“—Están malas.
—¿Las galletas?
La niña asiente mientras regresa a sus cabriolas aéreas.
Son galletas María, las de toda la vida, las que ofrecen en Cáritas. Alguna que otra vez llegan distintas, con nata, de las caras, pero en realidad son las misma mierda (o peor): bombas de azúcar y aceite de palma. Nos intoxican, nos envenenan, y mientras tanto sonreímos felices disfrutando del cianuro. Pero es que la ponzoña, la puta ponzoña, está deliciosa. Es una tentación más, de las que Dios nos pone delante subrepticiamente para verificar nuestra valía. O tal vez sea Satán. Sí, mejor Satán”.

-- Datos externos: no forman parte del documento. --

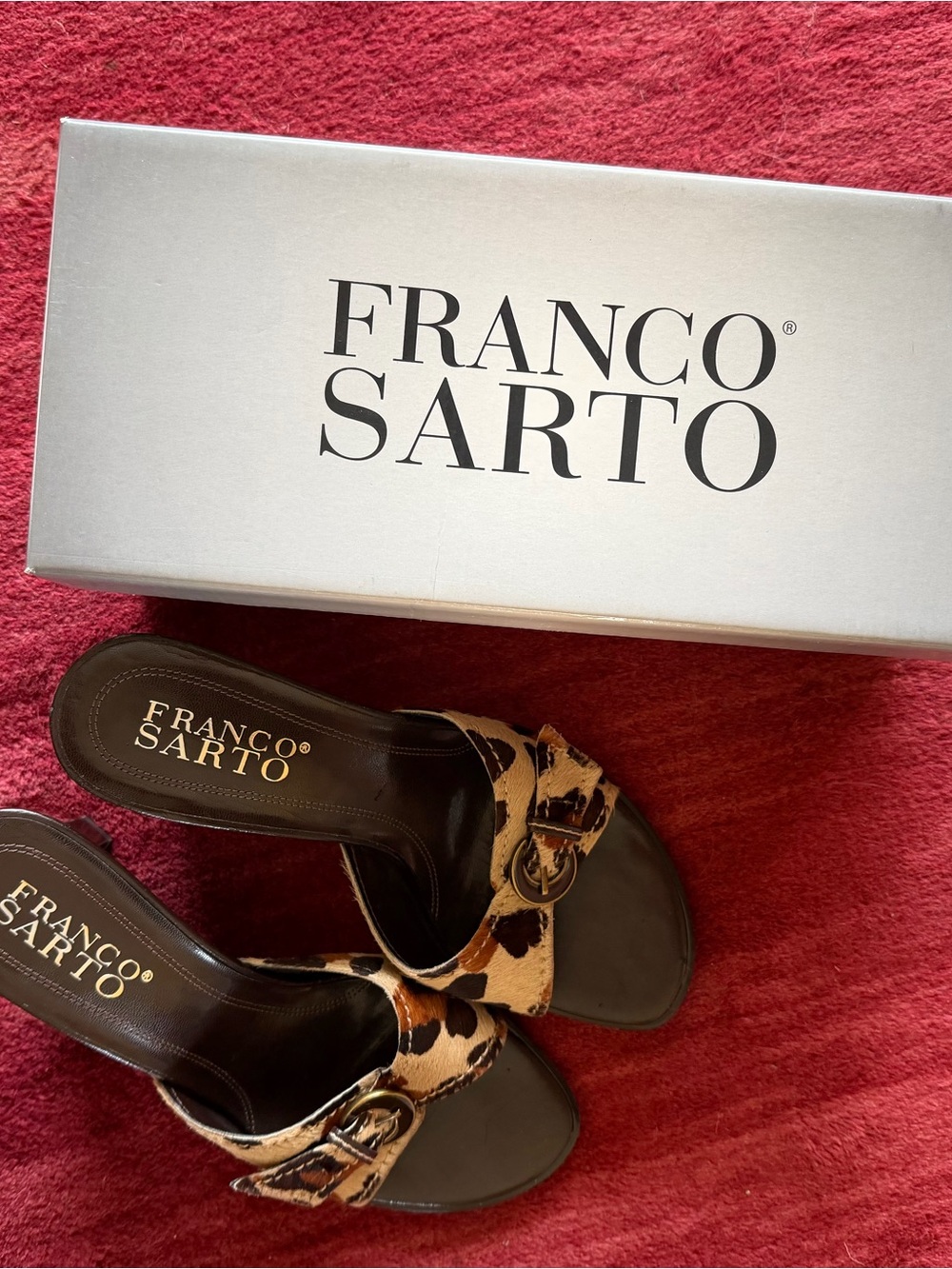 Franco Sarto Leopard-Print Slide Mules - Brown/Tan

No hay que irse demasiado lejos para encontrar el peor de los horrores. Por supuesto, lo ignoto de más allá de las estrellas, o lo insondable de lo más profundo de los océanos, son referentes que cualquiera podría señalar como causantes de pesadillas para los seres humanos. Pero más allá de aterradores seres dimensionales o espíritus que se manifiestan del más allá, debemos preguntarnos: ¿hay algo que nos dé tanto miedo como perder a un hijo?
La mencionada ambigüedad es tal vez el punto más fuerte de la novela, ya que en su utilización el autor nos mantiene expectantes. ¿Es real lo que está sufriendo el personaje? ¿O todo está solo en su cabeza? Las respuestas nos van llegando paulatinamente, aunque no será hasta el mismo desenlace cuando todo quede claro. Eso sí, David Luna deja espacio para la interpretación propia del lector, lo cual siempre está muy bien. Y ojo, porque el párrafo final me parece absolutamente SUBLIME. No puedo decir más.